Task item: Below are some entries; state how many of their lines contain the word "Studio", with nothing else in the reply.

::: Material for this exercise

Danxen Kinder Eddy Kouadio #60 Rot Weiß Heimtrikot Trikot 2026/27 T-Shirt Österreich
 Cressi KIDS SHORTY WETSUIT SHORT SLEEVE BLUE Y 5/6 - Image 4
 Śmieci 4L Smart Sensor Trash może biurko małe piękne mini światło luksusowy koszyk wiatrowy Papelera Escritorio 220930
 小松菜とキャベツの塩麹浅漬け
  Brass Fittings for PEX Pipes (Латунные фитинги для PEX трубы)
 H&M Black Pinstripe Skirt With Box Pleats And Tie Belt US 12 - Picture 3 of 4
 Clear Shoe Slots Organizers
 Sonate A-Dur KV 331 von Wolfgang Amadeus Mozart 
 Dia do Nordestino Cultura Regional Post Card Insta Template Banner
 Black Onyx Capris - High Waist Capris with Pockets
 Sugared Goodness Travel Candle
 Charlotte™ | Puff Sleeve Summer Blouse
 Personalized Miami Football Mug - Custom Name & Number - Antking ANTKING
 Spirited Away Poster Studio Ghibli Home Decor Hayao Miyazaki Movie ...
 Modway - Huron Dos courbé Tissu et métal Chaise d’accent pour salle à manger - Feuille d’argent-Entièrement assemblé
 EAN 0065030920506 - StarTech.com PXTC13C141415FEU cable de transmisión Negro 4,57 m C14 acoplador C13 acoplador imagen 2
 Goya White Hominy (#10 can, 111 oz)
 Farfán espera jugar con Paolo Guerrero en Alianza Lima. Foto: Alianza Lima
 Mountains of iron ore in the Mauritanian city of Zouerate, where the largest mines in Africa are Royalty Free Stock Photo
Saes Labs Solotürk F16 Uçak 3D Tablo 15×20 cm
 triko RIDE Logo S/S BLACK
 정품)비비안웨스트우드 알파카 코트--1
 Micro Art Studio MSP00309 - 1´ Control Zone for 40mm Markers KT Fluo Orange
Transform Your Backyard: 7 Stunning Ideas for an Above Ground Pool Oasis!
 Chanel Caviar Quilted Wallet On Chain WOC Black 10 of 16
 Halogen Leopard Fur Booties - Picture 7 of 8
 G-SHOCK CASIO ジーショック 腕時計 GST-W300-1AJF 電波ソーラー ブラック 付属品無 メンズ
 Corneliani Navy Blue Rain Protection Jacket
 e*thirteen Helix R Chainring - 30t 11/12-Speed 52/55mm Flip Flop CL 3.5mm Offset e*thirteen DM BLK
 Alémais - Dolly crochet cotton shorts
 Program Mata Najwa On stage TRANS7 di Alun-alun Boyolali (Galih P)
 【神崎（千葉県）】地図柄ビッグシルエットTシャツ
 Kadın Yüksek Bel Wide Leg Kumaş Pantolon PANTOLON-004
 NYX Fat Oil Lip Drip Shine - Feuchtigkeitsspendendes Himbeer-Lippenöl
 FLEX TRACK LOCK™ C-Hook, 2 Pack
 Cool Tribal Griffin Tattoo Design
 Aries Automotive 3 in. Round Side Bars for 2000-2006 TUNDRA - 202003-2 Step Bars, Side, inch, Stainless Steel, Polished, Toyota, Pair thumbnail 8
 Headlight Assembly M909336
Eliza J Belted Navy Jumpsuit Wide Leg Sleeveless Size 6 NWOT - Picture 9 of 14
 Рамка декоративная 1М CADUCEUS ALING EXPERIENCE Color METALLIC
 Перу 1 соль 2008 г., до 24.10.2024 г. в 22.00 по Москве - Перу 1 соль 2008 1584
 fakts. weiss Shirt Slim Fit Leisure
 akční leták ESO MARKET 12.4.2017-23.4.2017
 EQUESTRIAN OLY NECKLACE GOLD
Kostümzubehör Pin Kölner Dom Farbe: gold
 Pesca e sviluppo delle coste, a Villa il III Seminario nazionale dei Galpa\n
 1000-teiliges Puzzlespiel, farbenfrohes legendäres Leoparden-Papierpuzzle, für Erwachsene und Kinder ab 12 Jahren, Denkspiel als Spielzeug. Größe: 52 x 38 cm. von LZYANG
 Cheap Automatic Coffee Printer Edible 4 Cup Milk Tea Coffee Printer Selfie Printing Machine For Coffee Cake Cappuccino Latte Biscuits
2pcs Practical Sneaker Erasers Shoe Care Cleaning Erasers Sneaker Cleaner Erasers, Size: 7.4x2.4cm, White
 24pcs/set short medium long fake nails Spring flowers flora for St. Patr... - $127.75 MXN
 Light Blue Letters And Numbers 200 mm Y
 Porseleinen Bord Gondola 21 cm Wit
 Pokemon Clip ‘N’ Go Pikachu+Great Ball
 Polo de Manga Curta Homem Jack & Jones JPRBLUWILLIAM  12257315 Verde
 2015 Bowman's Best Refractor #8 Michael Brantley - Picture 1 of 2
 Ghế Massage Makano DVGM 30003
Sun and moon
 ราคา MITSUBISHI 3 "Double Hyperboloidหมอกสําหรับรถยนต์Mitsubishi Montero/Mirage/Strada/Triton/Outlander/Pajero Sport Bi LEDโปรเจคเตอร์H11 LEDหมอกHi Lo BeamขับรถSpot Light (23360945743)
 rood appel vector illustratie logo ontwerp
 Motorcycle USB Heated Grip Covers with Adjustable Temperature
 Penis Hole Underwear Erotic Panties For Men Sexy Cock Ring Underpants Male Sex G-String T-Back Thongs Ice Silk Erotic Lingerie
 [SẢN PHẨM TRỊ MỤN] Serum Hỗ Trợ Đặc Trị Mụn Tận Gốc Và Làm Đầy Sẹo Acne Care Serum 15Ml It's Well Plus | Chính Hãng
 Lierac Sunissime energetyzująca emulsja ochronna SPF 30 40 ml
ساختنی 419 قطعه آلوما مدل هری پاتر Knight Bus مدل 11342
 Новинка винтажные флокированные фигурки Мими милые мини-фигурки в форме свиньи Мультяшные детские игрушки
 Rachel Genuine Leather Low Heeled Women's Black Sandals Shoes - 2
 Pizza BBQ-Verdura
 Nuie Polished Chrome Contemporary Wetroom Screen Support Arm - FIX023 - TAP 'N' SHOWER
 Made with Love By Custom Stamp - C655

::::::

Task result: 2